In March 1972, the Vietnamese launched a three-pronged invasion of the South. One NVA force swept south across the DMZ, its goal apparently the conquest of the northern provinces and the seizure of Hue. A second NVA force drove from Laos into the Central Highlands, and a third effort involved a drive from Cambodia into provinces northwest of Saigon.
Fierce fighting ensued on all three fronts, with NVA success the greatest in the northern provinces. Fighting continued until June, when the North Vietnamese began withdrawing from some of their advanced positions, still holding considerable amounts of South Vietnamese territory in the northern provinces.
On June 11, 1972, CPT Arnold Holm, pilot, PFC Wayne Bibbs, gunner, and SP4 Robin Yeakley, observer, were aboard an OH-6A observation helicopter flying from Camp Eagle to the Northern Provinces of South Vietnam on a visual reconnaissance mission. The function of their "Loach" chopper was searching out signs of the enemy around two landing zones (LZ's). The OH-6 joined with AH-1G Cobra gunships as "Pink Teams" to screen the deployment of air cavalry troops. On this day, Holm's aircraft was monitoring an ARVN team insertion.

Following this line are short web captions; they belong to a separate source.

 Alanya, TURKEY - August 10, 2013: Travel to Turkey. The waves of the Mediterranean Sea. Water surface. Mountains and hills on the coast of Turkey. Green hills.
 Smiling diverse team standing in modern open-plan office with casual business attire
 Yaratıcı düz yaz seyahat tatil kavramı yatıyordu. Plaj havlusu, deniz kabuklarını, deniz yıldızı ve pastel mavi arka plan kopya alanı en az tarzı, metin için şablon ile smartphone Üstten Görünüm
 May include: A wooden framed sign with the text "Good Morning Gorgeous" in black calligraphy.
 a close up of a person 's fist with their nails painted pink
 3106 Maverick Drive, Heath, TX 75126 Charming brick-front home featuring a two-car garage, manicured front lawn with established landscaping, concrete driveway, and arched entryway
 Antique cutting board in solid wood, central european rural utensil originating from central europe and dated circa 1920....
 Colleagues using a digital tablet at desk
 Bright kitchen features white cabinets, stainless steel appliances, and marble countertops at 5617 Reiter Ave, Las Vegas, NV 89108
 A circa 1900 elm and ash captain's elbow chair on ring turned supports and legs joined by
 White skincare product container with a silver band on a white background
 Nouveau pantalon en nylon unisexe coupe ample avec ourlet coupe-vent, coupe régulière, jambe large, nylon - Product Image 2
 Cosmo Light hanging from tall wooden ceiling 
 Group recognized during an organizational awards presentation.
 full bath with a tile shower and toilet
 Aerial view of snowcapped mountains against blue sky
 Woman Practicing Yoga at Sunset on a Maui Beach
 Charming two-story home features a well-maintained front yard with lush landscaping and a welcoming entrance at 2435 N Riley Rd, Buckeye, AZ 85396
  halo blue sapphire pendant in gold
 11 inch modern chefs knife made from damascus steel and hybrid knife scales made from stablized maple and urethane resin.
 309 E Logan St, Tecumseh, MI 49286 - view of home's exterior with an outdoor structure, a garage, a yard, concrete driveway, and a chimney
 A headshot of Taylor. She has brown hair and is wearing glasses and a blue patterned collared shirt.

During the mission, Holm reported that he saw enemy living quarters, bunkers, and numerous trails. On his second pass over a ridge, at about 25 feet altitude, the aircraft exploded and burned. It was reported that smoke and white phosphorous grenades began exploding before the aircraft crashed. After the aircraft impacted with the ground, it exploded again. Other aircraft in the area received heavy anti-aircraft fire. No one was seen to exit the downed helicopter, nor were emergency radio beepers detected.
Another OH-6A (tail #67-16275), crewed by 1LT James R. McQuade and SP4 James E. Hackett, tried to enter the area of the crashed OH-6A, but encountered heavy fire. McQuade's aircraft was hit, and again the onboard munitions exploded prior to ground impact. The aircraft continued to burn after impact and neither crewmen left the ship before or after the crash.
No ground search was made for survivors or remains of either aircraft because of hostile fire in the area.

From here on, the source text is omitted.